Time is of value, so let's get to the point:
- Working Out
- Coding and Software-Engineering
- Picking challenges I am no fit for (yet)
- Static Typing: I rather fight the compiler and lift invariants into the typelevel, than having to debug a running program in a (multi-component) test/environment. It is no silver-bullet, but I am confident I saved a lot of (run & debugging-)time using this approach. This is also reflected in my project languages of choice.
- Testing: It is gratifying to isolate things and see them working on their own and, additonally or later on, having an orchestra of such modules working together. There is a ton of stuff to learn and I am all signed up for that.
- Training & Mentality: Healthy body -> Healthy mind. Working out is more to me than just improving the vessel I was born with. I approach my problems and projects the way I approach my training: Progressive Overload. Constantly new little things to learn, a constant manageable feel of being challenged and a continuous chain of small victories.
- Decentralization: There is a reason I work in blockchain after all. I like the prospect of giving users full control over their own data (looking at you Self-Sovereign Identity). This, amidst other challenges, requires some form of broad blockchain adoption, which in turn requires blockchains to scale. Developing and working on scaling solutions for blockchains was the main focus ever since I joined the blockchain space and it will continue to stay like this.
- AI: I gotta admit, I jumped onto the AI bandwagon and am interested, excited and a little nervous where the technology is going to lead us to. There was always an interest from my side, specifically artifical neural networks (ANNs) for the past years. ANNs were also part of the reason I started studying Computer Science at TU Darmstadt, Hessen, Germany.
- Cyber-Security: Also part of the reason I started my Computer Science degree. I originally thought I would surely work in the cyber security space in the end, but life is exciting and for the time being I have other interests. Nonetheless, I am still invested and interested in exploits of all kinds. Some might argue I am still in the right space and I am not going to lie: They are kinda right, all the blockchain related exploits were a fun to read and research.
- Haskell: The only language I am going to list here. There is just something about the community, the idiom and the way of reading Haskell code that calms my mind.
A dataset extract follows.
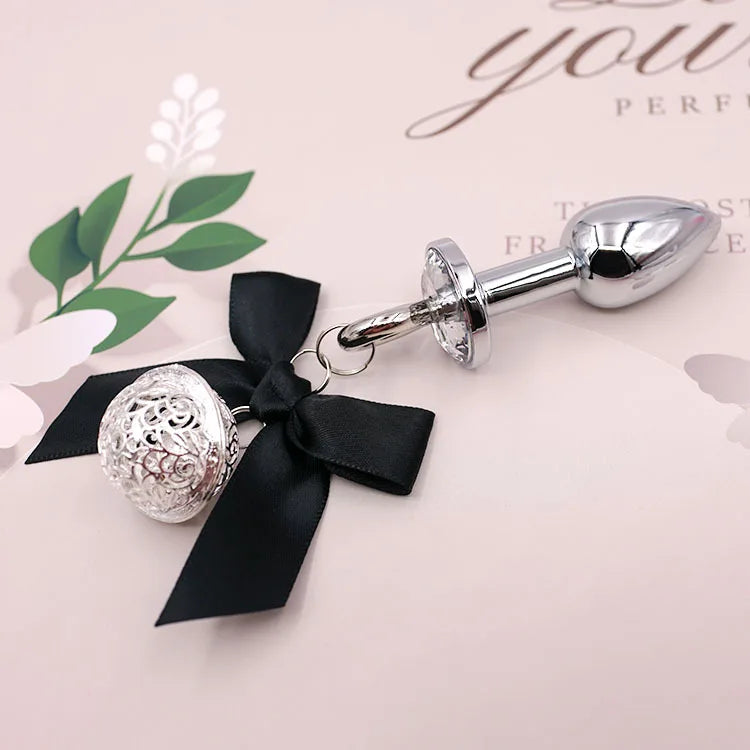 BDSM Bow Bells Stainless Steel Matal Butt Plug Sexy Rabbit Cosplay Suitable For Couples Flirting And Teasing For Men/Women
I would not consider myself as someone sitting in the ivory tower but I guess I might have developed "organizational" blindness to that.
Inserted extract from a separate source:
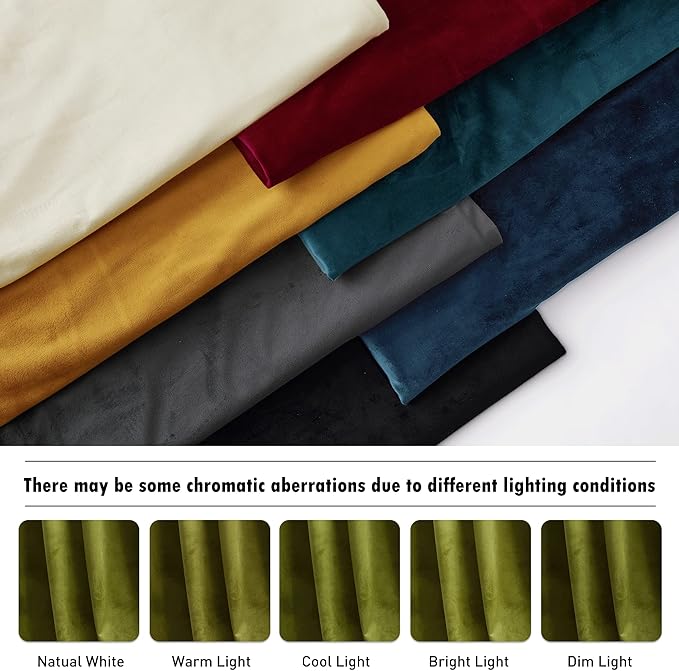 RYB HOME Moss Green Velvet Curtains 100 inches, Back Tab Soft Fabric Room Darkening Thermal Insulated Luxurious Home Decor Curtains for Living Room Bedroom, W 52" x L 100", 2 Panels Set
- Core Dev @ PolyCrypt GmbH (formerly Perun Network) June 15, 2020 - November 30, 2023
- Studied physics at Goethe University Frankfurt. Mind you, I did not finish the degree, because I grew tired of experimental physics and I was only invested in theoretical physics up to the fifth semester before deciding to switch to something that aligned more with my interests.
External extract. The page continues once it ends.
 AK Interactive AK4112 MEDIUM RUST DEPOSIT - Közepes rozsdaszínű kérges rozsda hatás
- Studied computer science at TU Darmstadt. Only did the B.Sc. I started working at PolyCrypt GmbH before I finished my studies and working in a rapidly evolving field and being allowed to contribute to cutting edge technology felt way more gratifying than to chase academia.
- There is a third subject of studies I am keeping to my self currently (minimizing the intention-action gap). Although I am most likely not completing any degree in that field I include the intent here to emphasize the following: My main priority is growing and reaching for my next goal decoupled from external gratification. I realize the ambivalence in stating this here...
Since I am a software engineer and coder first and foremost you might be interested in the programming languages I am experienced in:
Language | Expertise [0-9] |
---|---|
Haskell | 8 |
TypeScript | 7 |
Go | 7 |
Rust | 6 |
C | 6 |
C++ | 6 |
To help interpret the expertise level:
9: Unachievable perfection
8: Being confident in the ability to implement the solution to a problem in a straightforward manner. In essence: Cranking out a MVP in any timeframe given (Parkinson's law applies).
7: Developed multiple projects and confident in syntax and semantics (reading & writing). Implementing algorithms is relatively easy, there might be edge-cases special to the language which would possibly require looking up some resources online to gain/refresh knowledge.
6: Developed a few projects and confident in syntax an semantics (reading). Writing still requires the occasional lookup online. Lacking some practical experience.
I stop here, because I would have to list a ton of other (niche) languages if we go even lower. Things like Python, or domain specific languages like Solidity.